Another major insurer is planning to limit its business in California, in a fresh blow for a state that has seen a crisis in its homeowners’ insurance market.
USAA will significantly increase its wildfire safety requirements for all new home policies in the state, according to a report by The San Francisco Standard. The impact of the changes is still unclear.
Beginning in March of next year, four USAA subsidiaries will only issue new homeowners policies if the home has a wildfire risk score of 1 on a 32-point scale, according to the Standard. The higher the number on the scale, the greater the wildfire risk.
USAA previously had different cutoff scores for different counties, but none of the scores were lower than 12, the Standard reported.
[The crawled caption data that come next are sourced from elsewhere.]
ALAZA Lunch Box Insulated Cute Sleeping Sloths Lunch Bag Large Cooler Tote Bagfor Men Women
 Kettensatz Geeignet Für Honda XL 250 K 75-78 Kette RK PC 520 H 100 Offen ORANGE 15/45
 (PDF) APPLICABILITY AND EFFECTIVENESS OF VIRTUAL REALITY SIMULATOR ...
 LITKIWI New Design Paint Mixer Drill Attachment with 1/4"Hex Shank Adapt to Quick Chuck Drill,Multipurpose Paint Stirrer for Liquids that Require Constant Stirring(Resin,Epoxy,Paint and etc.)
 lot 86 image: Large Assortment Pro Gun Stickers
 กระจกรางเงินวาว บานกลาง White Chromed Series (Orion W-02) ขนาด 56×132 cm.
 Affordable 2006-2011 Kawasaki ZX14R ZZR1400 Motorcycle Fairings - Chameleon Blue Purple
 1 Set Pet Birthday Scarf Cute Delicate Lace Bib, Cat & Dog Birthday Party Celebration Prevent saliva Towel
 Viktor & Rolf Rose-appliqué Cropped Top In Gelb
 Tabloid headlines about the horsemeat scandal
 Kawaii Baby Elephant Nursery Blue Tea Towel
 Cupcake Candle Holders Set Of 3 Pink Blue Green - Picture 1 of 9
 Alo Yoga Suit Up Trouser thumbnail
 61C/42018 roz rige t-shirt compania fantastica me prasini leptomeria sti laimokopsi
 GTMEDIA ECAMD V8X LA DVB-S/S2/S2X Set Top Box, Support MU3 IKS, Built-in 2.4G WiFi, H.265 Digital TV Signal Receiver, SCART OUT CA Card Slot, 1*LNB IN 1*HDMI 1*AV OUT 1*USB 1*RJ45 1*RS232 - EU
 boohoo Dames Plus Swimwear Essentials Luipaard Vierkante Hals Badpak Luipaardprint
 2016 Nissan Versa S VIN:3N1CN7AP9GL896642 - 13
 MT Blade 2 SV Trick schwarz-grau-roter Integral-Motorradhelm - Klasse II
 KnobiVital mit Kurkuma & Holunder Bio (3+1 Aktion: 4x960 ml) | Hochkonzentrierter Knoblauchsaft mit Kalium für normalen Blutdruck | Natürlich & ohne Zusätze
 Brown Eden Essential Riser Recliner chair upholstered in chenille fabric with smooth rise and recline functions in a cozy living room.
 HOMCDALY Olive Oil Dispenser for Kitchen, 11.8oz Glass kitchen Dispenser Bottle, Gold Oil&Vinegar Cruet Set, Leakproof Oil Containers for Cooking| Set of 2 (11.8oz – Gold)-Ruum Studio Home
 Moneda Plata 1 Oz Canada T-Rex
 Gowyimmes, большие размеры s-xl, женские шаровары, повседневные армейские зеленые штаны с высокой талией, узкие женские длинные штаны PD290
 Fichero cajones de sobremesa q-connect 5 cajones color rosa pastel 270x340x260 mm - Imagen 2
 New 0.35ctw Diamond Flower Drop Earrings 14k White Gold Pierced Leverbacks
Two of the four businesses – the USAA Casualty Insurance Company and Garrison Property and Casualty Insurance Company – only plan to accept new applications for primary homeowners policies if the customer is replacing an existing policy, the Standard reported.
In a filing with the California insurance regulator, USAA said “expected rate inadequacy” was the cause of the changes.
“Exposure with Wildfire Score of 2 or higher is more unprofitable than exposure with Wildfire Score of 1 due to the wildfire risk,” USAA wrote in the filing.
The situation has become dire enough that California legislators recently wrote to Insurance Commissioner Ricardo Lara demanding action to address the issue.